Task to carry out: This exercise calls for the records to be repeated in full, exactly as written.

Data listing:
==========
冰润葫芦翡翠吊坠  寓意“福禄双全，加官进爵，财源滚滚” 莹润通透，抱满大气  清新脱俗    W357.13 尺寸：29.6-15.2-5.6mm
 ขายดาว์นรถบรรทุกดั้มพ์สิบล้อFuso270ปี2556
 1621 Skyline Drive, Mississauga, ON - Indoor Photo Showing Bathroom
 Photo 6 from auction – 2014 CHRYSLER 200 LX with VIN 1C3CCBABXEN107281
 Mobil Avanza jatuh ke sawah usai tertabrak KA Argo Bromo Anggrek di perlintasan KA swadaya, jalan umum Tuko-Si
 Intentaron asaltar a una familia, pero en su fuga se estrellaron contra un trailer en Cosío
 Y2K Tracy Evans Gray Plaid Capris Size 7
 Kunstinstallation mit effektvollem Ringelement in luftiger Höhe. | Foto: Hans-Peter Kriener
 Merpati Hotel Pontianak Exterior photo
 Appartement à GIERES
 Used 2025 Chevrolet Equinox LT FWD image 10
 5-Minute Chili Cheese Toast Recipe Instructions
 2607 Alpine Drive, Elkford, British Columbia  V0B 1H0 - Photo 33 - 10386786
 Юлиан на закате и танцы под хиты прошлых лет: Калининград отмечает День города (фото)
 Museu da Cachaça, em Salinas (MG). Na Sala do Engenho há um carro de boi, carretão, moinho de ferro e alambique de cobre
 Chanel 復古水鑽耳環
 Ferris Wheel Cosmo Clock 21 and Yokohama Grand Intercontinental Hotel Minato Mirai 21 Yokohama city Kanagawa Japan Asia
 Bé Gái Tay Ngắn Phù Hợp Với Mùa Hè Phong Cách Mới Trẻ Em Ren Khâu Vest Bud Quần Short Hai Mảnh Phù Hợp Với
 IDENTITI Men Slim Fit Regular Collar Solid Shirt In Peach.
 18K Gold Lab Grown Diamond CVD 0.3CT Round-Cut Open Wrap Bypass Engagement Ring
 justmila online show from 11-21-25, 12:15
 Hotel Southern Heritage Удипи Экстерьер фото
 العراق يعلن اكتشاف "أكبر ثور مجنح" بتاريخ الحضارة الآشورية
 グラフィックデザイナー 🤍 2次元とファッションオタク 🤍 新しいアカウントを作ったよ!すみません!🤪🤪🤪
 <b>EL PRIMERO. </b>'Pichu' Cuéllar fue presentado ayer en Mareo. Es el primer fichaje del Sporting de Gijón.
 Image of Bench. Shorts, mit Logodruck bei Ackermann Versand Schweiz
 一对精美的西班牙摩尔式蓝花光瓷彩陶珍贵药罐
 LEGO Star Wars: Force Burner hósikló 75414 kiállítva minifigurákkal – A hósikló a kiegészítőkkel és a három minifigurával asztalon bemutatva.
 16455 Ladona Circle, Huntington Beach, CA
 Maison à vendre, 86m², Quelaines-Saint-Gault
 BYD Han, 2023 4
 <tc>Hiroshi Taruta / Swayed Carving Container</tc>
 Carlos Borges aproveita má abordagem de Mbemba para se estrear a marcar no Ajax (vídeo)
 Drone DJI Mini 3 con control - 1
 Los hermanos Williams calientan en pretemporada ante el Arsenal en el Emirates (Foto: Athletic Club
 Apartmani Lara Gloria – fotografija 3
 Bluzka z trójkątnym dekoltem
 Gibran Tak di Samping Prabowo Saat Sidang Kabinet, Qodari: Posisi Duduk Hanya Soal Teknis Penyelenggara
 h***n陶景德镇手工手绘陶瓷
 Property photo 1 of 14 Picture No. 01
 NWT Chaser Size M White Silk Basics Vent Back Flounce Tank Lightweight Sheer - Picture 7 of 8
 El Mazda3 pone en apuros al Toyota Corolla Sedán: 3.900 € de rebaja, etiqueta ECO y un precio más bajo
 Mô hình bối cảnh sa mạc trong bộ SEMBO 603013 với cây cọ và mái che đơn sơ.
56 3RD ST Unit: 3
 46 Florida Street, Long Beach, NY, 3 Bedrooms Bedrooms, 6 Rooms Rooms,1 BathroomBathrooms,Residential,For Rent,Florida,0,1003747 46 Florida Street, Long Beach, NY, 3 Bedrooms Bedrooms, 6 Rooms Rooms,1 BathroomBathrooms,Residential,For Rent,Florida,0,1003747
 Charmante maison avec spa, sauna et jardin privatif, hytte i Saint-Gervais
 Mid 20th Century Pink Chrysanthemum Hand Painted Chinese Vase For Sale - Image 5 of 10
==========
Finished task:
冰润葫芦翡翠吊坠  寓意“福禄双全，加官进爵，财源滚滚” 莹润通透，抱满大气  清新脱俗    W357.13 尺寸：29.6-15.2-5.6mm
 ขายดาว์นรถบรรทุกดั้มพ์สิบล้อFuso270ปี2556
 1621 Skyline Drive, Mississauga, ON - Indoor Photo Showing Bathroom
 Photo 6 from auction – 2014 CHRYSLER 200 LX with VIN 1C3CCBABXEN107281
 Mobil Avanza jatuh ke sawah usai tertabrak KA Argo Bromo Anggrek di perlintasan KA swadaya, jalan umum Tuko-Si
 Intentaron asaltar a una familia, pero en su fuga se estrellaron contra un trailer en Cosío
 Y2K Tracy Evans Gray Plaid Capris Size 7
 Kunstinstallation mit effektvollem Ringelement in luftiger Höhe. | Foto: Hans-Peter Kriener
 Merpati Hotel Pontianak Exterior photo
 Appartement à GIERES
 Used 2025 Chevrolet Equinox LT FWD image 10
 5-Minute Chili Cheese Toast Recipe Instructions
 2607 Alpine Drive, Elkford, British Columbia  V0B 1H0 - Photo 33 - 10386786
 Юлиан на закате и танцы под хиты прошлых лет: Калининград отмечает День города (фото)
 Museu da Cachaça, em Salinas (MG). Na Sala do Engenho há um carro de boi, carretão, moinho de ferro e alambique de cobre
 Chanel 復古水鑽耳環
 Ferris Wheel Cosmo Clock 21 and Yokohama Grand Intercontinental Hotel Minato Mirai 21 Yokohama city Kanagawa Japan Asia
 Bé Gái Tay Ngắn Phù Hợp Với Mùa Hè Phong Cách Mới Trẻ Em Ren Khâu Vest Bud Quần Short Hai Mảnh Phù Hợp Với
 IDENTITI Men Slim Fit Regular Collar Solid Shirt In Peach.
 18K Gold Lab Grown Diamond CVD 0.3CT Round-Cut Open Wrap Bypass Engagement Ring
 justmila online show from 11-21-25, 12:15
 Hotel Southern Heritage Удипи Экстерьер фото
 العراق يعلن اكتشاف "أكبر ثور مجنح" بتاريخ الحضارة الآشورية
 グラフィックデザイナー 🤍 2次元とファッションオタク 🤍 新しいアカウントを作ったよ!すみません!🤪🤪🤪
 <b>EL PRIMERO. </b>'Pichu' Cuéllar fue presentado ayer en Mareo. Es el primer fichaje del Sporting de Gijón.
 Image of Bench. Shorts, mit Logodruck bei Ackermann Versand Schweiz
 一对精美的西班牙摩尔式蓝花光瓷彩陶珍贵药罐
 LEGO Star Wars: Force Burner hósikló 75414 kiállítva minifigurákkal – A hósikló a kiegészítőkkel és a három minifigurával asztalon bemutatva.
 16455 Ladona Circle, Huntington Beach, CA
 Maison à vendre, 86m², Quelaines-Saint-Gault
 BYD Han, 2023 4
 <tc>Hiroshi Taruta / Swayed Carving Container</tc>
 Carlos Borges aproveita má abordagem de Mbemba para se estrear a marcar no Ajax (vídeo)
 Drone DJI Mini 3 con control - 1
 Los hermanos Williams calientan en pretemporada ante el Arsenal en el Emirates (Foto: Athletic Club
 Apartmani Lara Gloria – fotografija 3
 Bluzka z trójkątnym dekoltem
 Gibran Tak di Samping Prabowo Saat Sidang Kabinet, Qodari: Posisi Duduk Hanya Soal Teknis Penyelenggara
 h***n陶景德镇手工手绘陶瓷
 Property photo 1 of 14 Picture No. 01
 NWT Chaser Size M White Silk Basics Vent Back Flounce Tank Lightweight Sheer - Picture 7 of 8
 El Mazda3 pone en apuros al Toyota Corolla Sedán: 3.900 € de rebaja, etiqueta ECO y un precio más bajo
 Mô hình bối cảnh sa mạc trong bộ SEMBO 603013 với cây cọ và mái che đơn sơ.
56 3RD ST Unit: 3
 46 Florida Street, Long Beach, NY, 3 Bedrooms Bedrooms, 6 Rooms Rooms,1 BathroomBathrooms,Residential,For Rent,Florida,0,1003747 46 Florida Street, Long Beach, NY, 3 Bedrooms Bedrooms, 6 Rooms Rooms,1 BathroomBathrooms,Residential,For Rent,Florida,0,1003747
 Charmante maison avec spa, sauna et jardin privatif, hytte i Saint-Gervais
 Mid 20th Century Pink Chrysanthemum Hand Painted Chinese Vase For Sale - Image 5 of 10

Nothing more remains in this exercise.